A poll by the Pew Research Center compared common ideological terms. It demonstrated that progressive is the most positive political label in America. Conservative is the second most popular political brand. Liberal is substantially less popular, probably because many Americans think that a liberal favors the poor over the middle class.
This is not the only poll to draw the those conclusions. A few years ago, Lake Research Partners looked deeply into voters’ feelings about the term progressive. They found that Democrats, Republicans and persuadable voters all like a progressive candidate better than a liberal one. The biggest advantage in the progressive label comes from persuadables who are 13 points more favorable toward a progressive than a liberal candidate.
As long ago as 1978, I conducted a poll for a state senate candidate that found voters reacted much more favorably toward a candidate labeled progressive than one labeled liberal. But why?
In part, it’s because right wingers have tarnished “liberal.” In part, it’s because left-leaning groups have promoted “progressive.” There’s the Progressive Democrats of America and Progressive Change Campaign Committee. The slogan of the Center for American Progress is “Progressive Ideas for a Strong, Just and Free America.” Everyone now talks of “progressive values.” And of course, there is no Liberal Caucus in Congress—it’s called the Progressive Caucus.
This makes sense. Progressive sounds positive because it comes from the word progress. It gives the impression that progressives want to move forward, promote innovation and focus on the future—all popular ideas.
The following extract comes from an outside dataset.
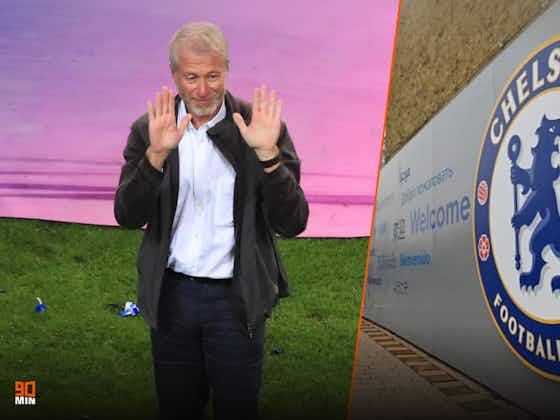 Article image:Chelsea takeover 'thrown into doubt' over Roman Abramovich assurances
Also, when progressive is compared side-by-side with conservative, we have an advantage because it sounds like pro versus con. On the other hand, the term liberal no longer benefits from the fact that it derives from the same Latin root as liberty and previously referred to laissez-faire policies. These days, nobody hears liberal and thinks of liberty—the word has lost its emotional center.
In the end, if you don’t label yourself, your opponents will label you. And in 2018 they will call you a “liberal,” a “socialist,” or something even farther afield. Progressive is popular, and more important, it’s not polarizing. Besides, we should be happy to be asked the question, “What is a progressive, anyway?” That gives us the chance to talk about our progressive values: freedom, opportunity and security for all.